About this task ▸
Pictures aside, please retype the whole listing word for word.
Segment Start: Data excerpt
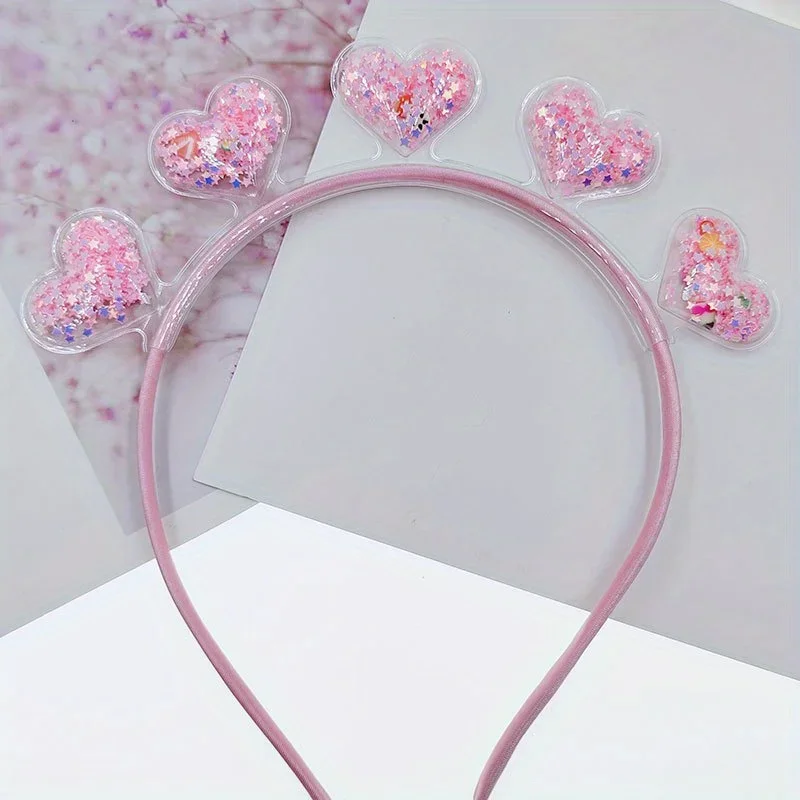 

1pc Heart Headband Quicksand Hairband Creative Hoops Party Accessories Girls Premium Comfortable Holiday Christmas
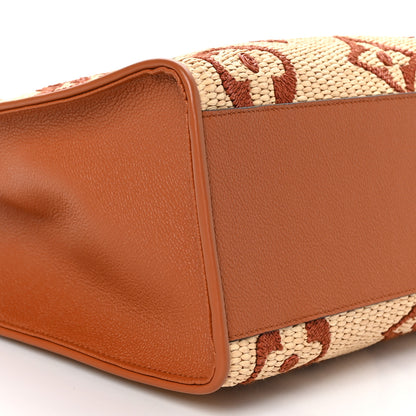 Louis Vuitton Raffia Calfskin Monogram Giant Onthego MM Tan 8 of 9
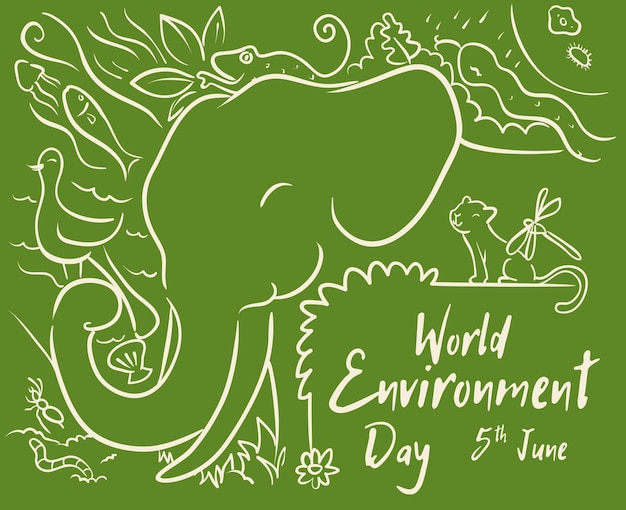 World environment day design with elephant and others animals in lines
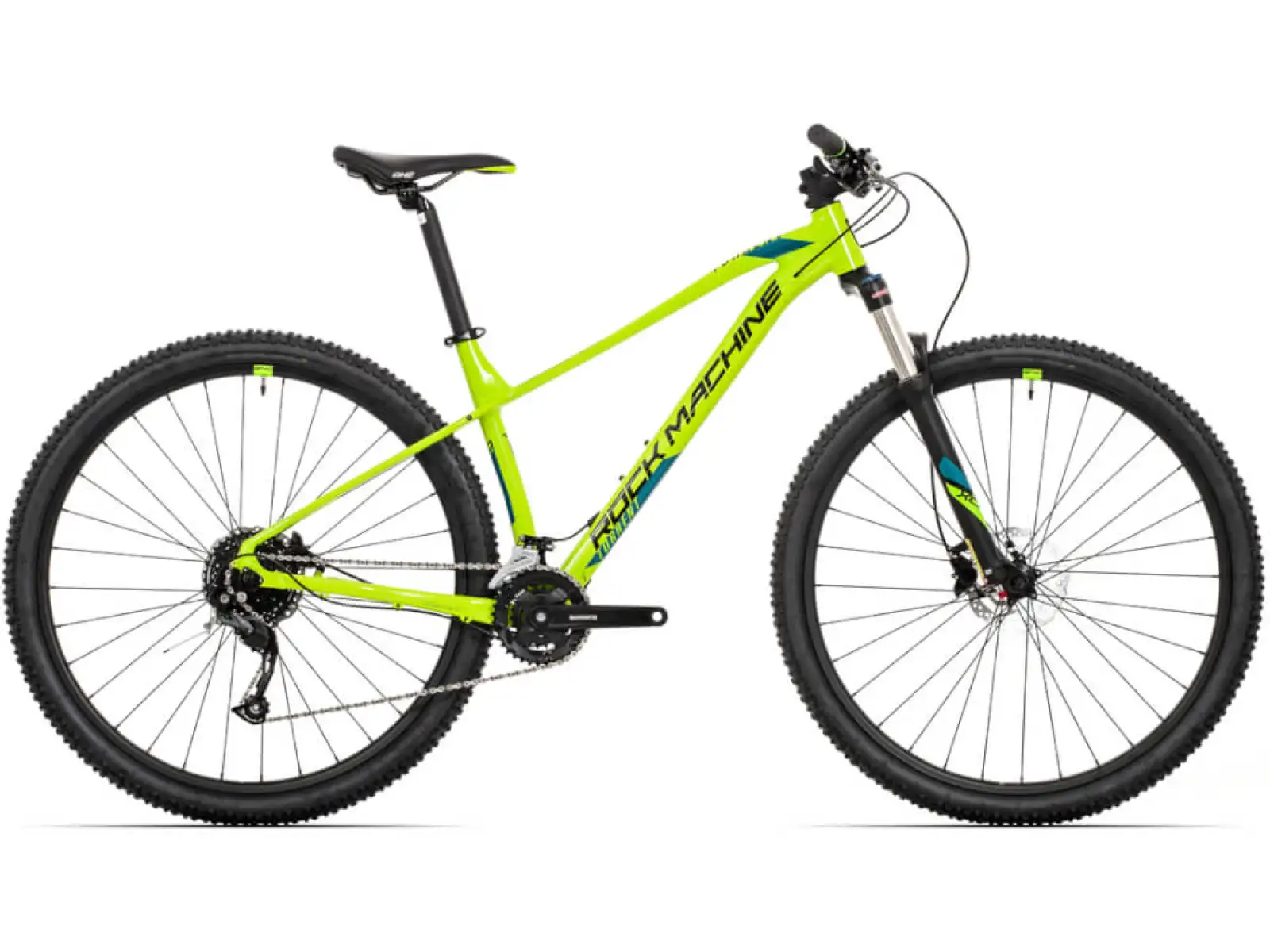 Rock Machine Torrent 20-29 gloss radioactive yellow/black/petrol blue horský bicykel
Segment End: Data excerpt
Result of the exercise ▸
1pc Heart Headband Quicksand Hairband Creative Hoops Party Accessories Girls Premium Comfortable Holiday Christmas
 Louis Vuitton Raffia Calfskin Monogram Giant Onthego MM Tan 8 of 9
 World environment day design with elephant and others animals in lines
 Rock Machine Torrent 20-29 gloss radioactive yellow/black/petrol blue horský bicykel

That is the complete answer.